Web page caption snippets

━━━━━━━━━━━━━━━━━━━━━━━━━━━━━━

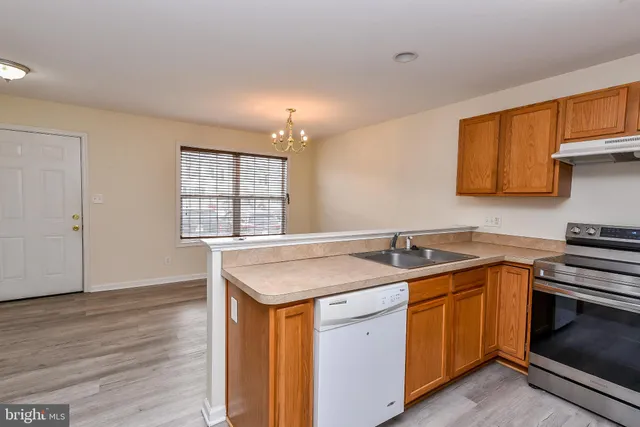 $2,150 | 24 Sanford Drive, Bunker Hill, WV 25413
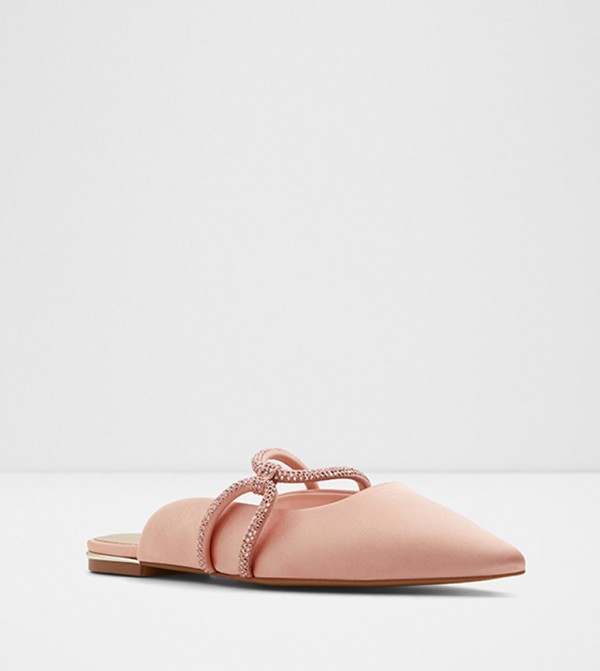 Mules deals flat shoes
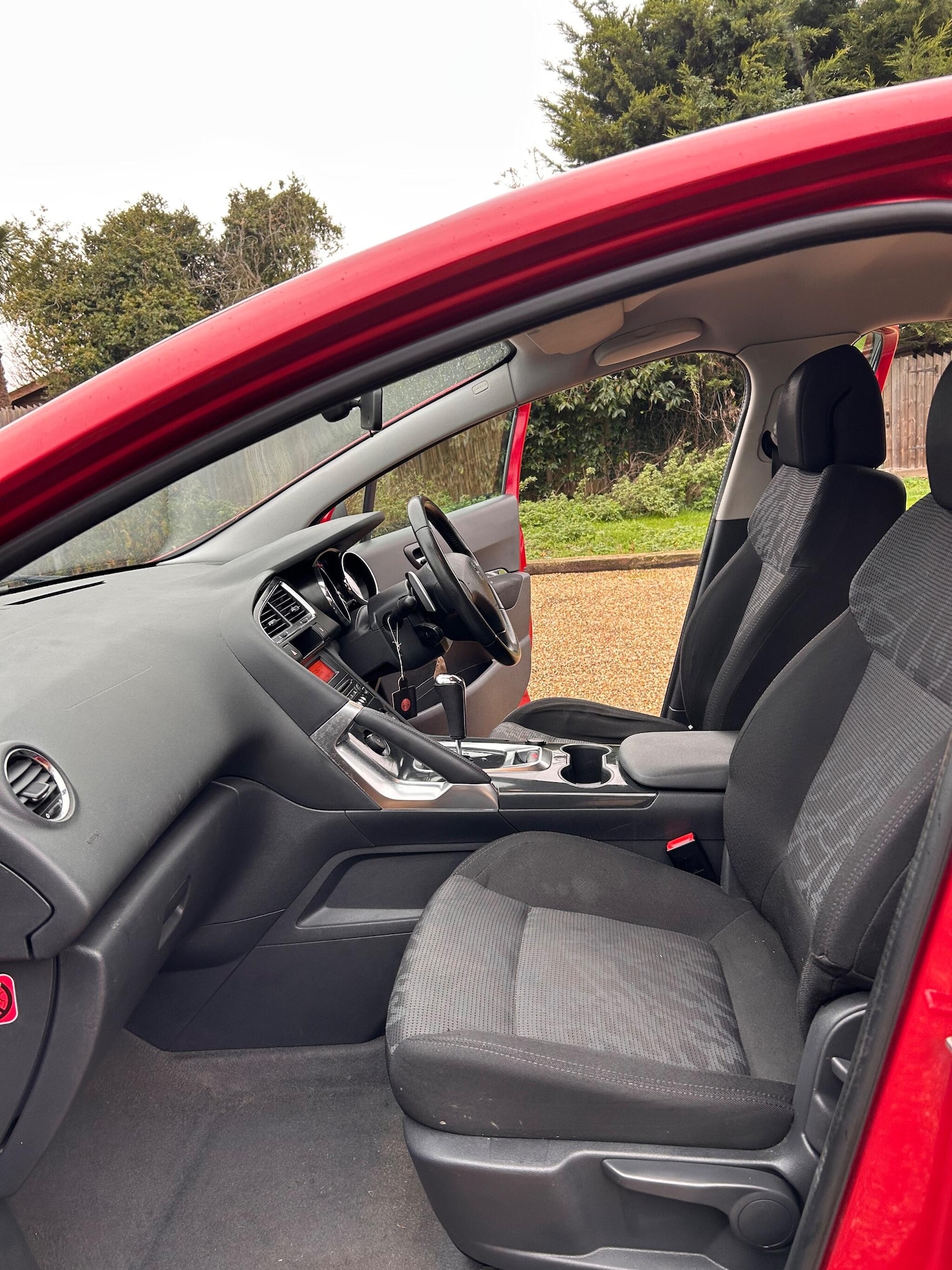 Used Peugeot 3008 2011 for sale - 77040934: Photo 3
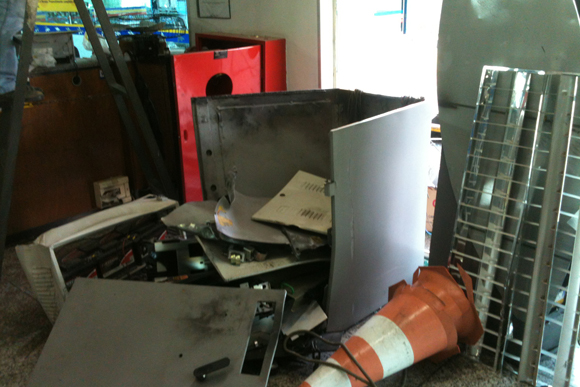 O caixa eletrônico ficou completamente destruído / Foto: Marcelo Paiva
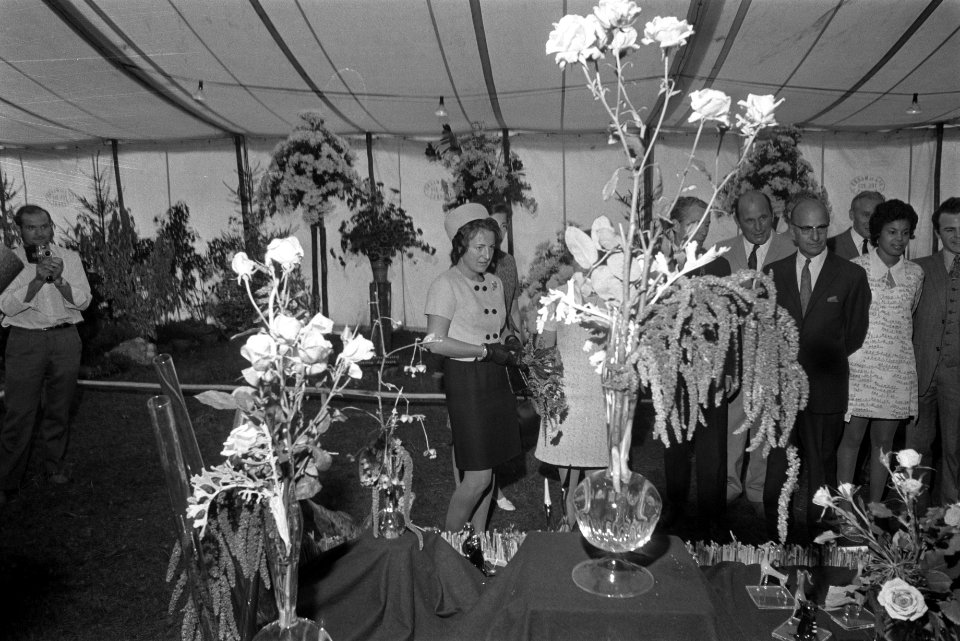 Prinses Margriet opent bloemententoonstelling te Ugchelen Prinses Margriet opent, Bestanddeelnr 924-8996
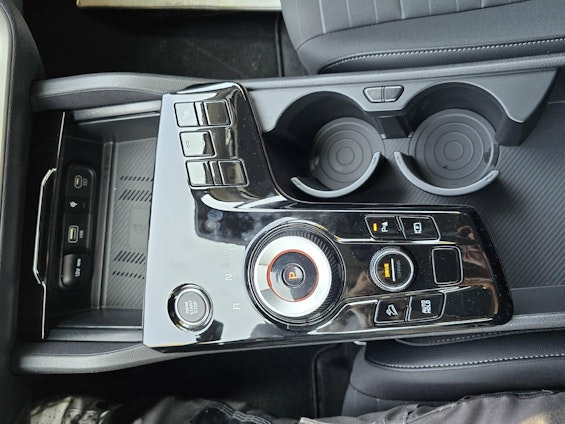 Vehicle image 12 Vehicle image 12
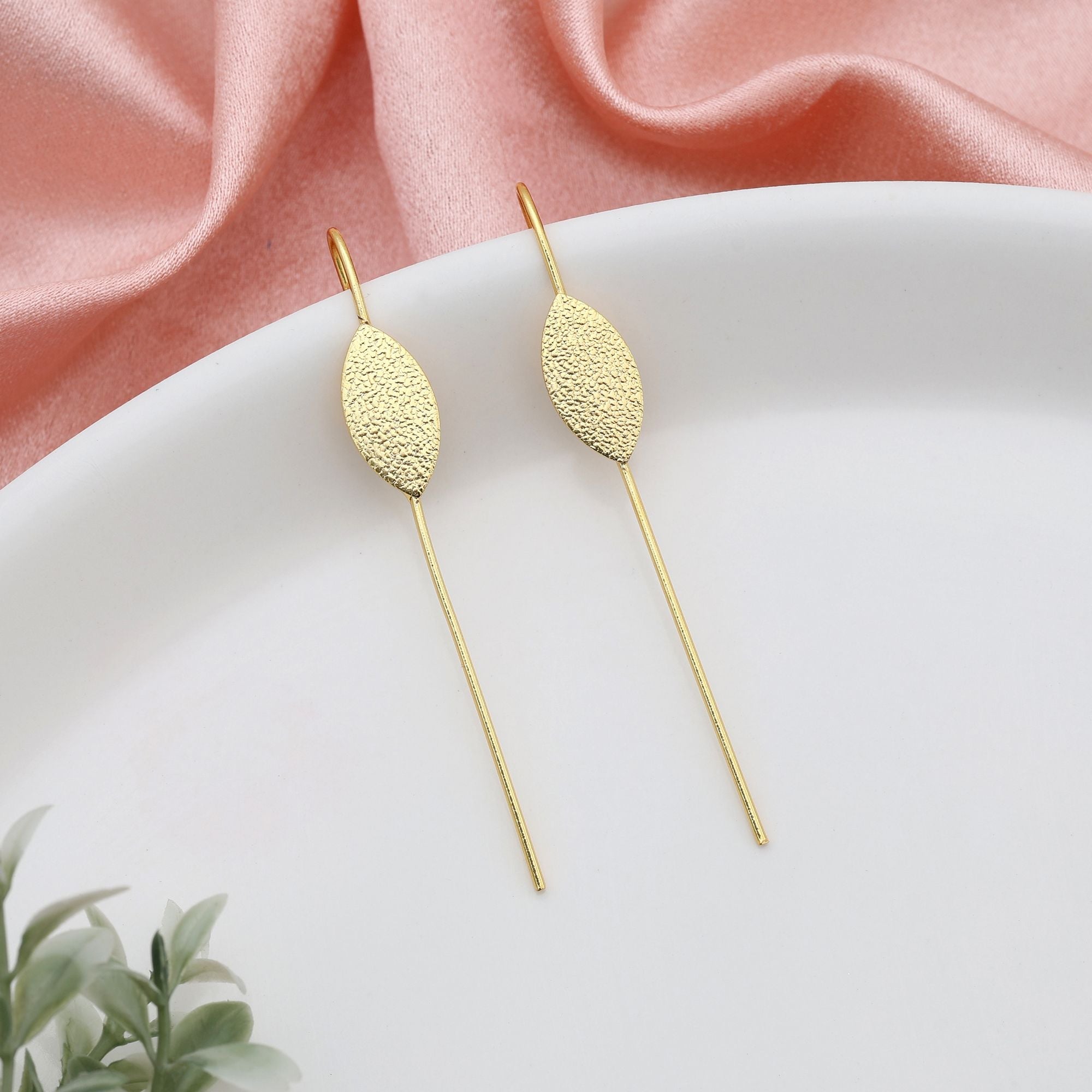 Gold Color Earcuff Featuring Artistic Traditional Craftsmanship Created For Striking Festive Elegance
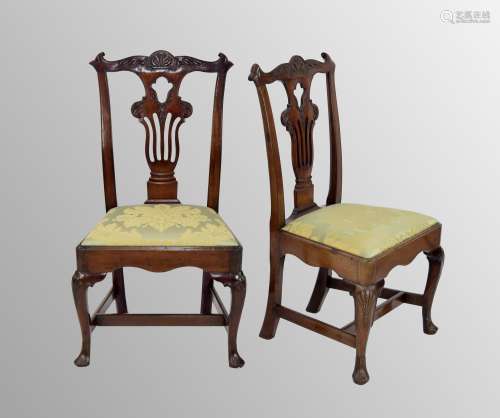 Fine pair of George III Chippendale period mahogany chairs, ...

━━━━━━━━━━━━━━━━━━━━━━━━━━━━━━

Every line from the one holding "Prinses Margriet opent bloemententoonstelling" through the final line of the data above is to be reproduced exactly, both ends included, with the pictures left out.

 Prinses Margriet opent bloemententoonstelling te Ugchelen Prinses Margriet opent, Bestanddeelnr 924-8996
 Vehicle image 12 Vehicle image 12
 Gold Color Earcuff Featuring Artistic Traditional Craftsmanship Created For Striking Festive Elegance
 Fine pair of George III Chippendale period mahogany chairs, ...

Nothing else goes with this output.